Synthetic Data and Ethics
What is synthetic data, and why is it important?
Synthetic data are an artificial alternative to real-world data. Commonly created by machine learning systems, synthetic data will mimic real datasets to produce data that replicates the important statistical properties of the original data, whilst ensuring that re-identification is almost impossible. Synthetic data are particularly valuable, as they can be created to meet specific needs or conditions that may not be available in the real data. This can be useful when:
- Privacy requirements limit a researcher’s access to, or use of, data.
- Wanting to test a product, piece of software, or section of code when the real data either does not exist or is not accessible.
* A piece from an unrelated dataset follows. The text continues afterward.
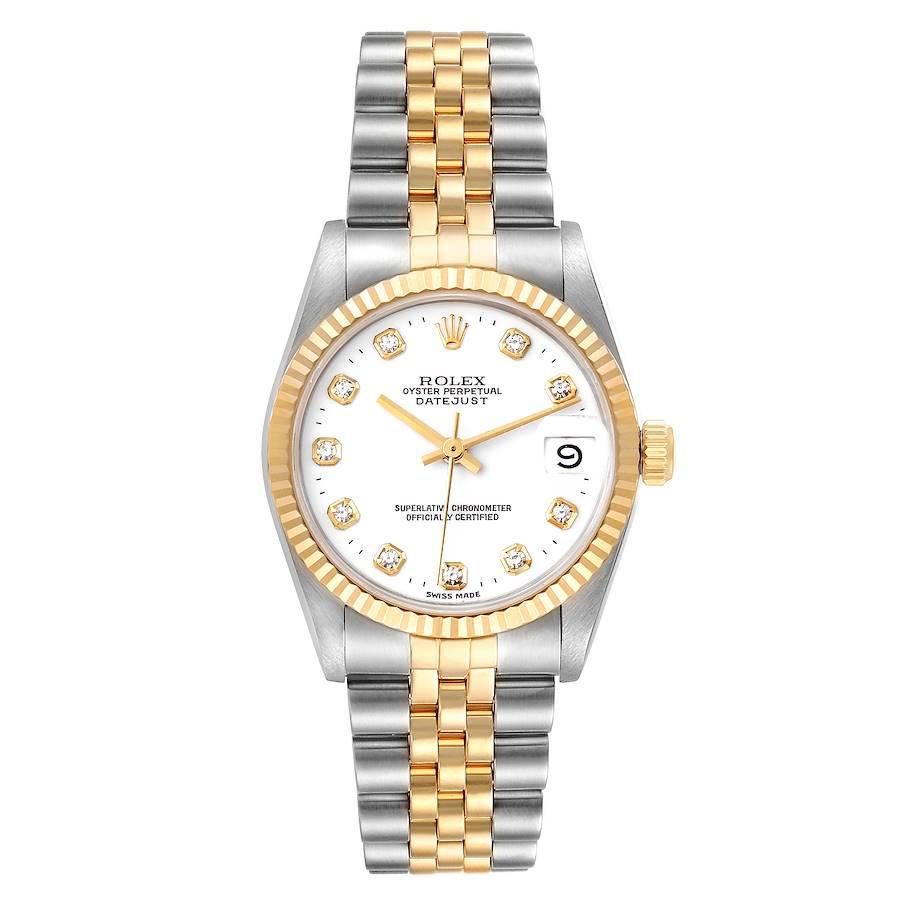 Rolex Datejust Midsize 31 Steel Yellow Gold Diamond Ladies Watch 68273. Officially certified chronometer self-winding movement. Stainless steel oyster case 31 mm in diameter. Rolex logo on a 18K yellow gold crown. 18k yellow gold fluted bezel.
- Wanting to train or validate new machine learning algorithms, where the generation of real data is too costly or time consuming.
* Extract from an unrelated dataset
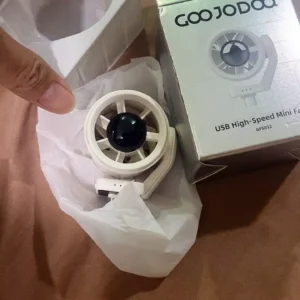 Quạt mini GOOJODOQ Type-C là sản phẩm cắm là chạy, cơ 15573 vòng/phút, lưu lượng gió mạnh mẽ 9,7 m/s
- Wanting to understand the real data better before researchers go through application processes to access it
The utility of synthetic data will be very dependent on how it is produced, and how closely it mirrors the real data from which it was created. The intended use case of the data must be a primary driver in constructing the synthetic data.
Synthetic data can be defined in a number of ways, making it sometimes very complex to conceptualise and understand. Most commonly however, synthetic data is described in relation to their level of fidelity. Fidelity can be seen as a sliding scale, with the extremes being low fidelity and high fidelity, as defined below.
High fidelity
High fidelity datasets share, and deliberately conserve, many of the features of the original dataset from which they are created. This may include complex relationships between different variables, which in turn may cause greater risk of disclosure. Whilst the disclosure risk may be higher however, high fidelity data will often have more analytic value than lower fidelity data, enabling it to be used for a wider range of applications, including hypothesis generation, image-to-image translation, and the robust testing of complicated AI models,
Low fidelity
Low fidelity datasets are generally seen as less risky, in that the data less closely mirrors the original data from which it was created. At the lowest level of fidelity, this may mean that the data reflects the original data only in relation to the types of information it contains, or how it is laid out. This means that there is less risk of disclosure than could be found in high fidelity data. This is because low fidelity synthetic data does not preserve the relationships which exist between variables in the original dataset. As a result, the use cases of low fidelity data are less broad, however it can still be used as a form of metadata that allows the researcher to understand the real data better to scope their research question, develop code, or be used as a training tool.
Back to topWhy ethics matters when creating, sharing, and using synthetic data
The use of synthetic data in research and statistics provides substantial benefits, some of which have been listed above. Ultimately, synthetic data are considered a privacy-enhancing technique, which can help researchers to use and access data, whilst allowing organisations to protect the privacy of its data subjects, thus resulting in an often safer, easier, and faster way to share data. This is particularly beneficial where the real data are considered sensitive (for example, should it contain information on protected characteristics, or identifiable personal information).
Nonetheless, although the use of synthetic data brings real value, there are also ethical issues which need to be considered. Synthetic data brings with it ethical considerations common to all types of data – but also some of its own. For example, synthetic data can only mirror the real-world data from which it is based – it cannot be an exact copy of it. This means that synthetic data may not contain some of the original data’s outliers, which often tell a very important story. Ultimately, the quality of the synthetic data will only ever be as good as the quality of the input data and the data generation model, therefore reflecting biases from the original data source.
While these applications all bring real benefits in terms of efficiency, convenience, and safety, they also bring risks. By taking a considered approach to ethics in every project, we can mitigate risks and retain public trust in the use of data for research and in statistics.
Back to topGeneral ethical principles for research and statistics
To help researchers and statisticians navigate potential ethical issues for all types of projects, the UK Statistics Authority has developed a series of ethical principles and a related ethics self-assessment tool.
At a basic level, these principles focus on ensuring the public good of research and statistics, maintaining confidentiality of data, understanding the potential risks and limitations in new research methods and technologies, compliance with legal requirements, considering public acceptability of the project, and transparency in the collection, use, and sharing of data.
The ethical principles provide guidelines for dealing with all types of data and you should consider your project against each of these principles early and throughout your work.
This guidance is underpinned by these general principles but focuses specifically on ethical considerations relating to synthetic data which require us to take particular care. These include:
- The need to ensure the quality, and validity of the synthetic data, and how this may be affected by the original real data.
- The need to consider the public’s perceptions and understanding of synthetic data, and how its uses, benefits, and limitations, can be clearly and transparently communicated to different audiences.
- The importance of maintaining accountability within all aspects of synthetic data processes, ensuring that the data are used only for the intended purposes.